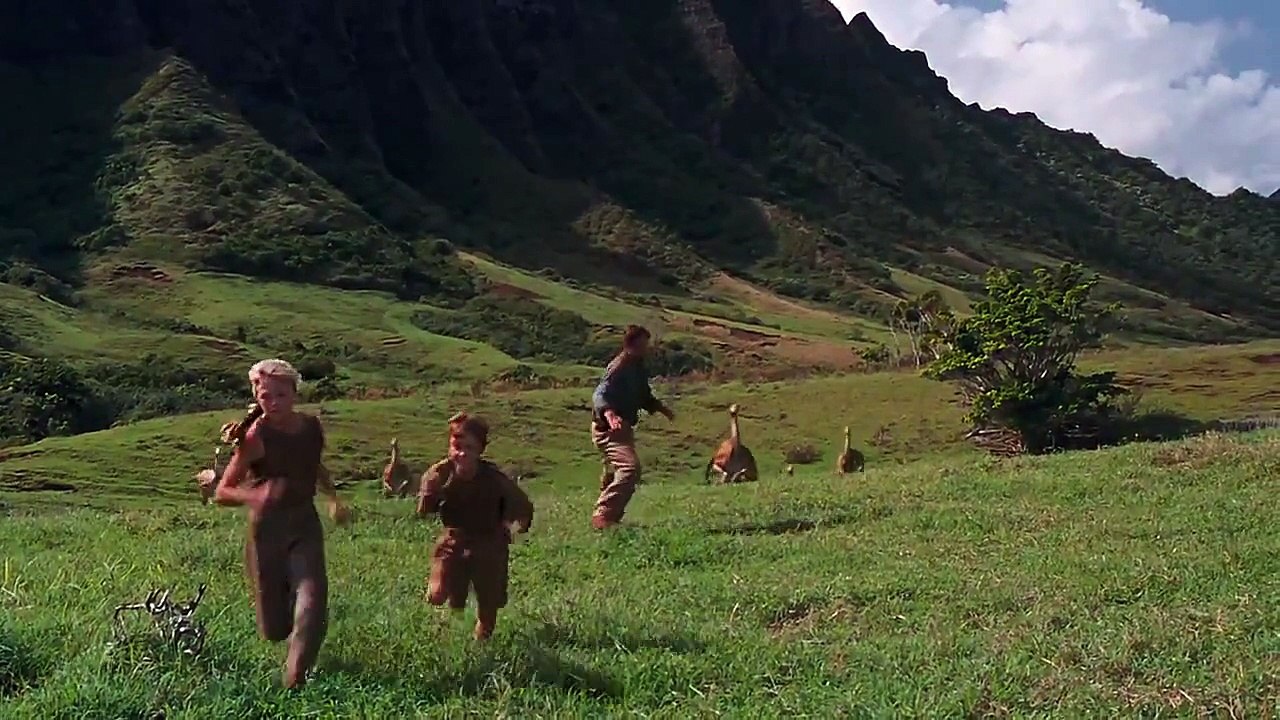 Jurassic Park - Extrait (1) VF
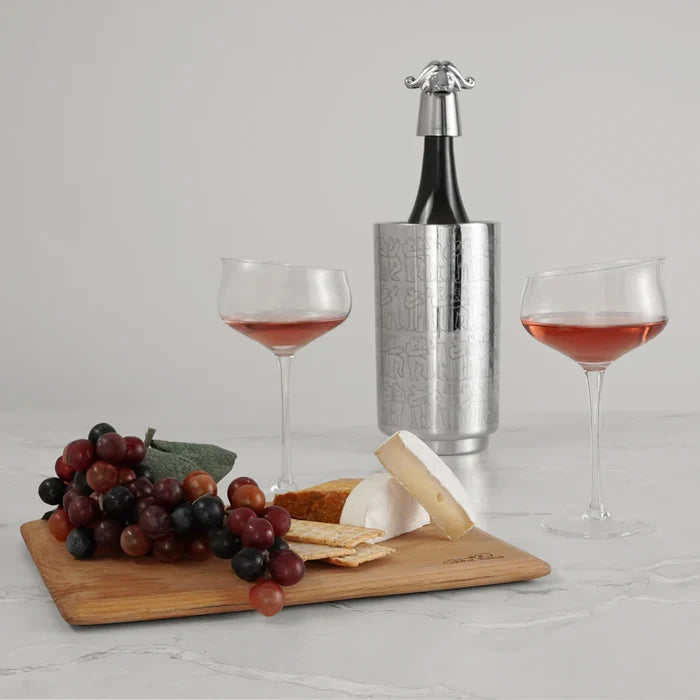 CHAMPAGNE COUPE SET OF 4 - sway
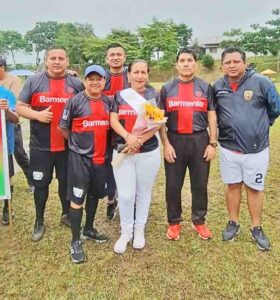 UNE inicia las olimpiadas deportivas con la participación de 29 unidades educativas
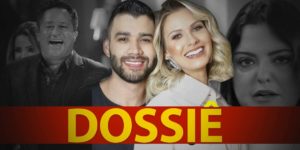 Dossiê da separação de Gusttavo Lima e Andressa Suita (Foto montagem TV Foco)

---

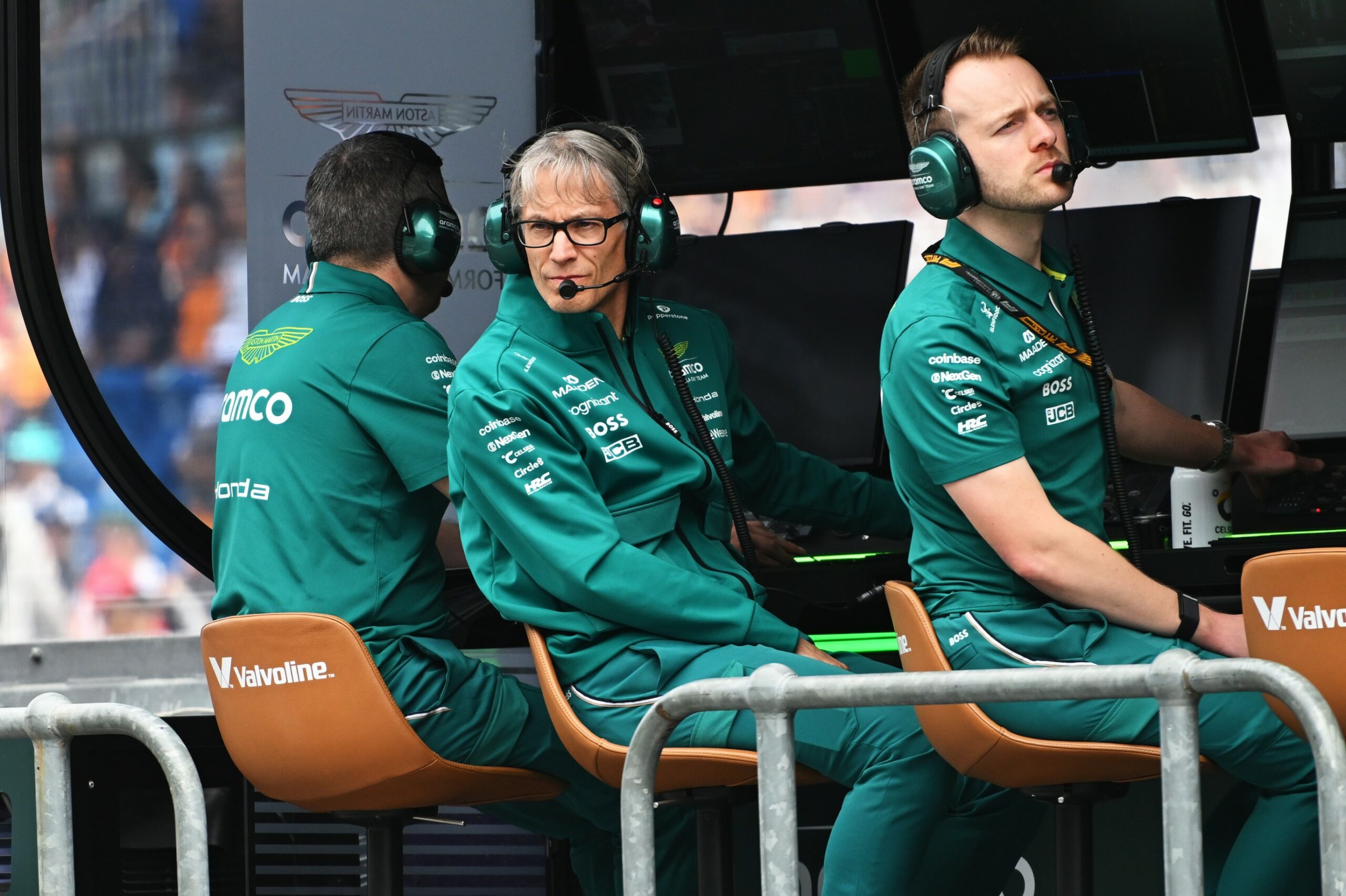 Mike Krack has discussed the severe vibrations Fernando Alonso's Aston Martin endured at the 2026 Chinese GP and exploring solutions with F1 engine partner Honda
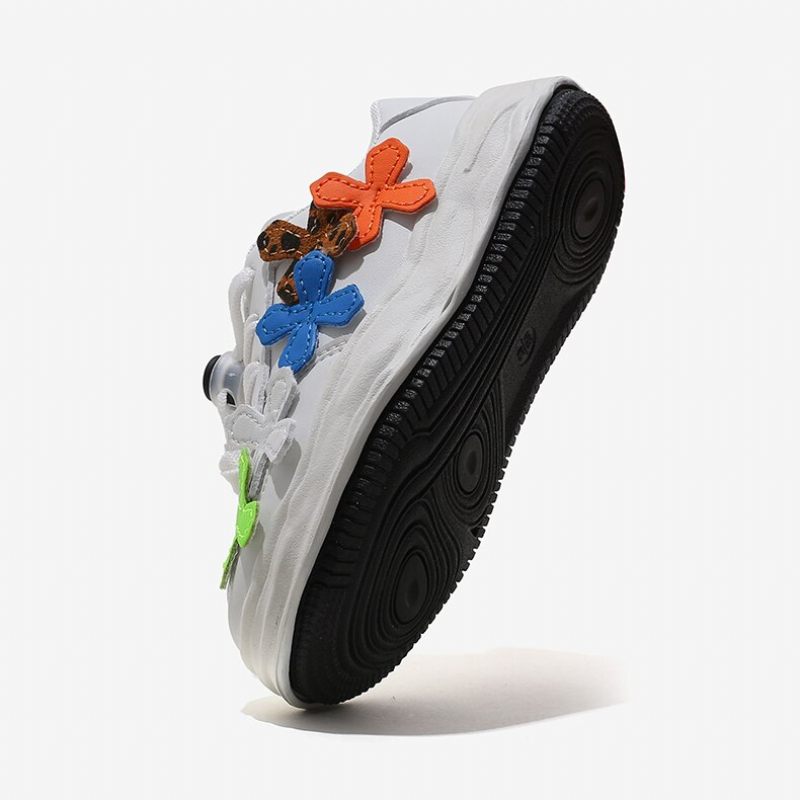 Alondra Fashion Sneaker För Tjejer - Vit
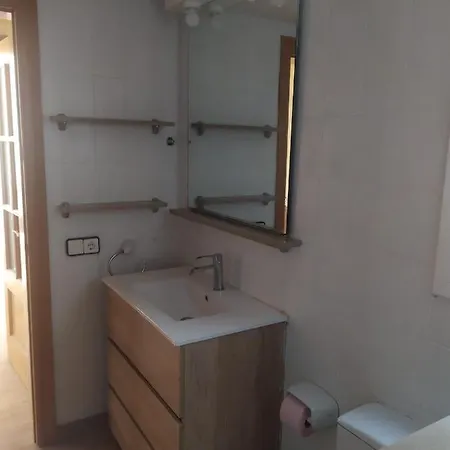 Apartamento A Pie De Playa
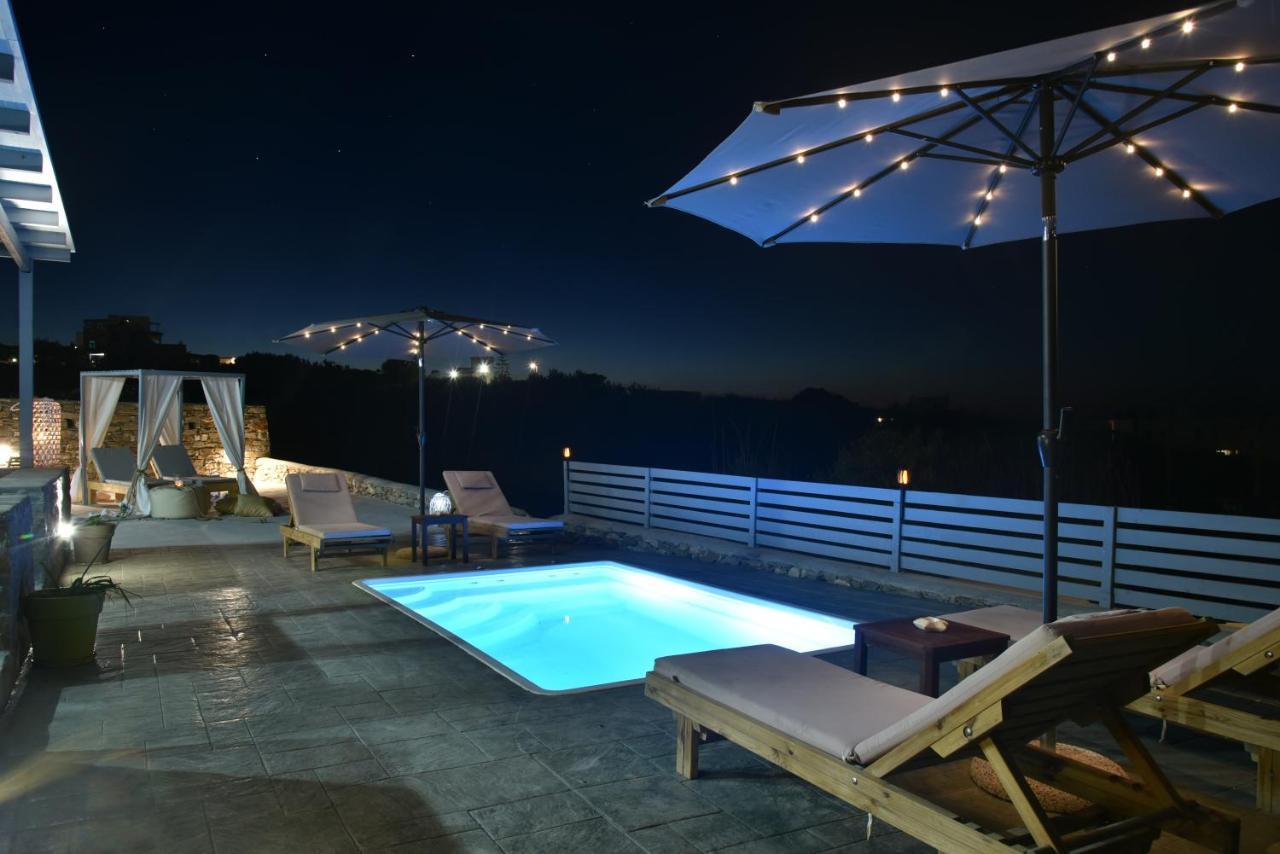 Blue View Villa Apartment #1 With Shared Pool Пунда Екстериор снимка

WHAT IS BEING ASKED: Transcribe the lines above exactly, beginning at the one with "Jurassic Park - Extrait (1) VF" and ending at the one with "Dossiê da separação". Include both; exclude the pictures.

EXERCISE RESULT:
 Jurassic Park - Extrait (1) VF
 CHAMPAGNE COUPE SET OF 4 - sway
 UNE inicia las olimpiadas deportivas con la participación de 29 unidades educativas
 Dossiê da separação de Gusttavo Lima e Andressa Suita (Foto montagem TV Foco)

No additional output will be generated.